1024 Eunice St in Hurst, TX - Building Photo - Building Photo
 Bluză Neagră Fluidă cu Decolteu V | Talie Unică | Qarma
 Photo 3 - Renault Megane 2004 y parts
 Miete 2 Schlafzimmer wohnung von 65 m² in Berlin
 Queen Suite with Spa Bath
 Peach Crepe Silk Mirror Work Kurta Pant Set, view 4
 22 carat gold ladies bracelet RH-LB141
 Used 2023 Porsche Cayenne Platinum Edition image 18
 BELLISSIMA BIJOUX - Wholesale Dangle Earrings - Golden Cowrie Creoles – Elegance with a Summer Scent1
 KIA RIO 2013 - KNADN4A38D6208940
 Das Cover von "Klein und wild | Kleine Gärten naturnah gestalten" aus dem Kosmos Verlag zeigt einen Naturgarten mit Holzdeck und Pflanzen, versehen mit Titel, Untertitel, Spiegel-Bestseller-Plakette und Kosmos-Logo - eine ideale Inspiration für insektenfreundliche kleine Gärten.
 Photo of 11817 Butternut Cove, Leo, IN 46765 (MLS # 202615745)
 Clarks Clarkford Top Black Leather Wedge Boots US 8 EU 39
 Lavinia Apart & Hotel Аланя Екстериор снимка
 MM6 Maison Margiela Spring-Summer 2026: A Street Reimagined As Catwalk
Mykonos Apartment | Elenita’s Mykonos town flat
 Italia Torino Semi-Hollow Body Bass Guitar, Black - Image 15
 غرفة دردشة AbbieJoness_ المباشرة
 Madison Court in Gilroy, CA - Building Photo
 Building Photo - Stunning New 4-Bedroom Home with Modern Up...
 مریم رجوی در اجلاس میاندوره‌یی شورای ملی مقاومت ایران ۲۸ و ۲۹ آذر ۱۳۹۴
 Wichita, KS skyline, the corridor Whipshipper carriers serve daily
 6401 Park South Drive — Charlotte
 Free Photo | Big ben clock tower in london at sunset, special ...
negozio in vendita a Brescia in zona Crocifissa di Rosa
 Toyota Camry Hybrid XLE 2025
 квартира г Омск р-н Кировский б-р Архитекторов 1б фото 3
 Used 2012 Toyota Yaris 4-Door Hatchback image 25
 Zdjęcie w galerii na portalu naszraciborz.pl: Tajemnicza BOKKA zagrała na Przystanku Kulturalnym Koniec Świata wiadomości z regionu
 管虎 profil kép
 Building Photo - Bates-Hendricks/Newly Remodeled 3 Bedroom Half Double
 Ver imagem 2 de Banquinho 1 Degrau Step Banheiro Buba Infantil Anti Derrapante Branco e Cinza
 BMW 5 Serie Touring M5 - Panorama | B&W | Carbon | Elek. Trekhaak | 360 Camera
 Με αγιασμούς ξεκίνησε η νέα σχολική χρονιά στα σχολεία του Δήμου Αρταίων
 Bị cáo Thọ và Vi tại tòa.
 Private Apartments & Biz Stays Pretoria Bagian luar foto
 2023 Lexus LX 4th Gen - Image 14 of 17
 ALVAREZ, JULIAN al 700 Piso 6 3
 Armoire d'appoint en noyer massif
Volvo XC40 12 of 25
________________
Requirement:
Nothing but the lines from the beginning of the records through the line with "Free Photo |" should appear, each printed exactly.

Exercise result:
1024 Eunice St in Hurst, TX - Building Photo - Building Photo
 Bluză Neagră Fluidă cu Decolteu V | Talie Unică | Qarma
 Photo 3 - Renault Megane 2004 y parts
 Miete 2 Schlafzimmer wohnung von 65 m² in Berlin
 Queen Suite with Spa Bath
 Peach Crepe Silk Mirror Work Kurta Pant Set, view 4
 22 carat gold ladies bracelet RH-LB141
 Used 2023 Porsche Cayenne Platinum Edition image 18
 BELLISSIMA BIJOUX - Wholesale Dangle Earrings - Golden Cowrie Creoles – Elegance with a Summer Scent1
 KIA RIO 2013 - KNADN4A38D6208940
 Das Cover von "Klein und wild | Kleine Gärten naturnah gestalten" aus dem Kosmos Verlag zeigt einen Naturgarten mit Holzdeck und Pflanzen, versehen mit Titel, Untertitel, Spiegel-Bestseller-Plakette und Kosmos-Logo - eine ideale Inspiration für insektenfreundliche kleine Gärten.
 Photo of 11817 Butternut Cove, Leo, IN 46765 (MLS # 202615745)
 Clarks Clarkford Top Black Leather Wedge Boots US 8 EU 39
 Lavinia Apart & Hotel Аланя Екстериор снимка
 MM6 Maison Margiela Spring-Summer 2026: A Street Reimagined As Catwalk
Mykonos Apartment | Elenita’s Mykonos town flat
 Italia Torino Semi-Hollow Body Bass Guitar, Black - Image 15
 غرفة دردشة AbbieJoness_ المباشرة
 Madison Court in Gilroy, CA - Building Photo
 Building Photo - Stunning New 4-Bedroom Home with Modern Up...
 مریم رجوی در اجلاس میاندوره‌یی شورای ملی مقاومت ایران ۲۸ و ۲۹ آذر ۱۳۹۴
 Wichita, KS skyline, the corridor Whipshipper carriers serve daily
 6401 Park South Drive — Charlotte
 Free Photo | Big ben clock tower in london at sunset, special ...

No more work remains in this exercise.